(CNSNews.com) - Marine Corps Commandant General Robert Neller, testifying before the Senate Armed Services Committee on Tuesday, vowed to remove the "stain" placed on his unit by active-duty Marines, veterans and civilian personnel who shared nude images of female service members – and posted derogatory or obscene comments -- on web pages and in Facebook groups such as Marines United.
Neller, in his opening statement, said he wanted to address both female and male Marines directly:
"I know I'm asking a lot of you right now," he told female Marines, past and present:
But I ask you to trust the leadership of the Marine Corps to take action and correct this problem. I ask you to trust me personally as your commandant, and when I say I'm outraged that many of you haven't been given the same respect when you earned the title Marine.
I know you aren't asking to be labeled as victims. For anyone's pity, I know you would find that as insulting as the recent behavior and comments on social media. I know what you do for our Corps -- for our team -- and what you've contributed, to include the past 16 years of combat in Iraq and Afghanistan.
I know when you earn the Eagle, Globe and Anchor, you wear it as proudly as the Marines you are.
Neller continued with a message to the men currently serving in the Marine Corps and to those who no longer wear the uniform:
You're still Marines. I need you to ask yourselves, how much more do the females of our Corps have to do to be accepted?

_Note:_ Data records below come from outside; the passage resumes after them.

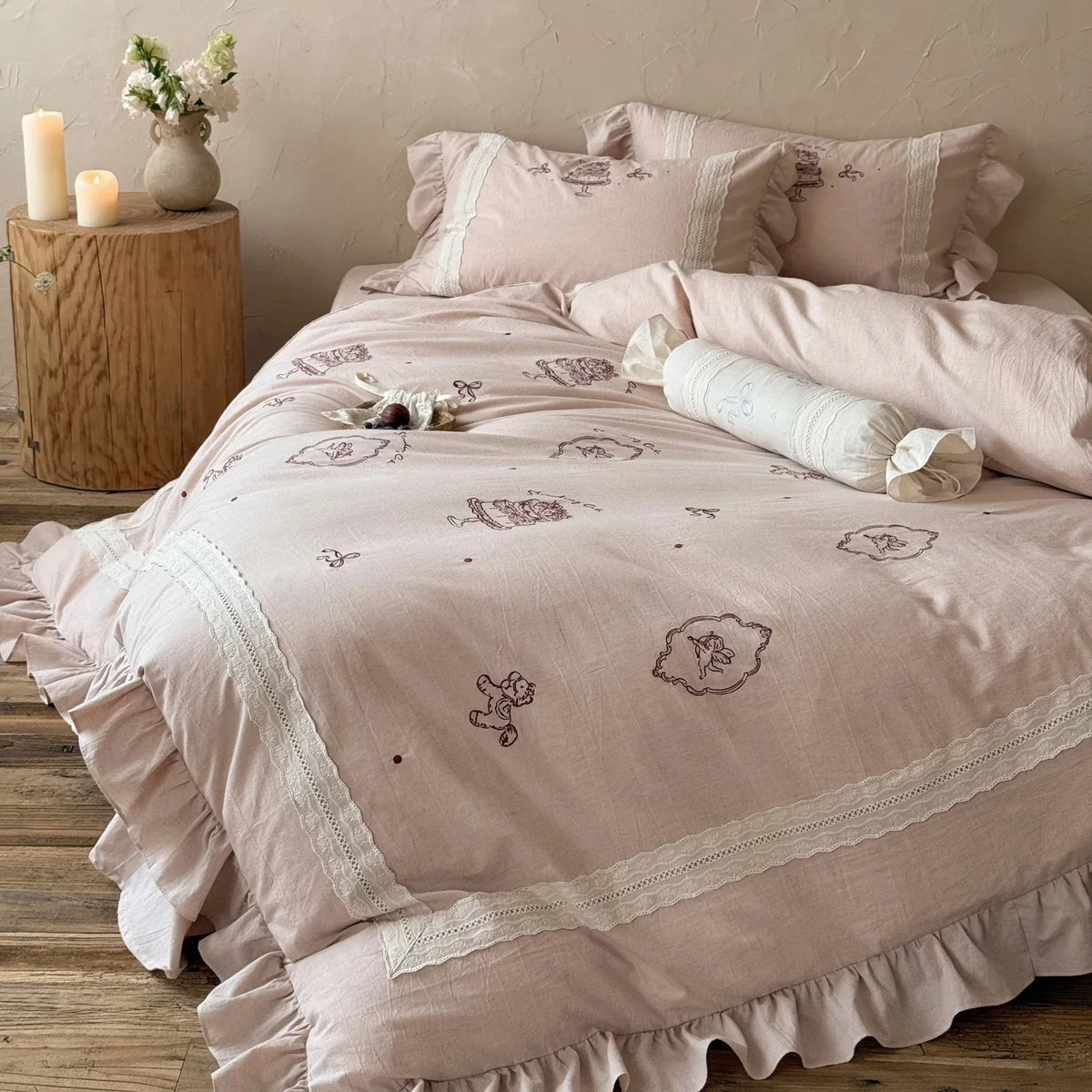 Bedding Set Embroidered Lace Trim Breathable 4-Piece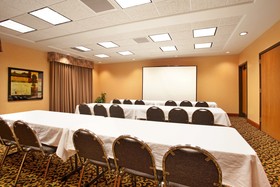 Holiday Inn Express Hotel & Suites Rockford - Loves Park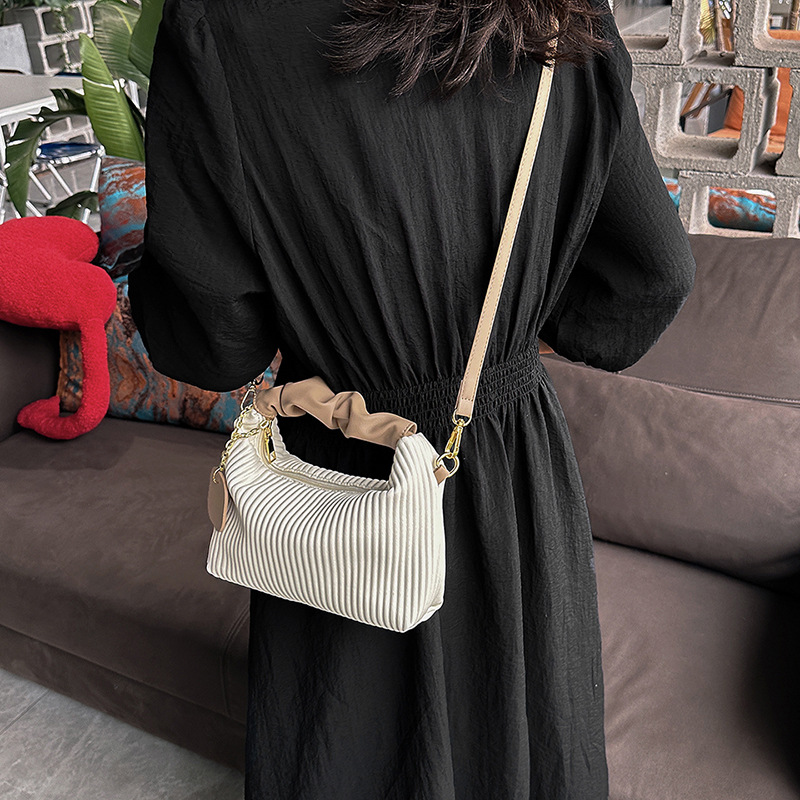 https://cf.cjdropshipping.com/quick/product/e1d95c5c-965f-4a5c-a316-0dcc4206b314.jpg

Was it enough when Major Megan McClung was killed by an IED in Ramadi? Or when Captain Jennifer Harris was killed when her helicopter was shot down while she was flying blood from Baghdad to Fallujah surgical? (He named three other female Marines killed at enemy hands.)
What is it going to take, for you to accept these Marines as Marines?
Neller said he's committed to making things right, and he asked all Marines to come forward to "get rid of this perversion to our culture."
Anyone found taking part in the nude photo sharing scandal is liable to be subject to the Uniform Code of Military Justice, he said.
A furious Sen. Kirsten Gillibrand (D-N.Y.), who has made sexual assault in the military one of her priority issues, erupted at Neller, telling him that his call for things to be different "rings hollow."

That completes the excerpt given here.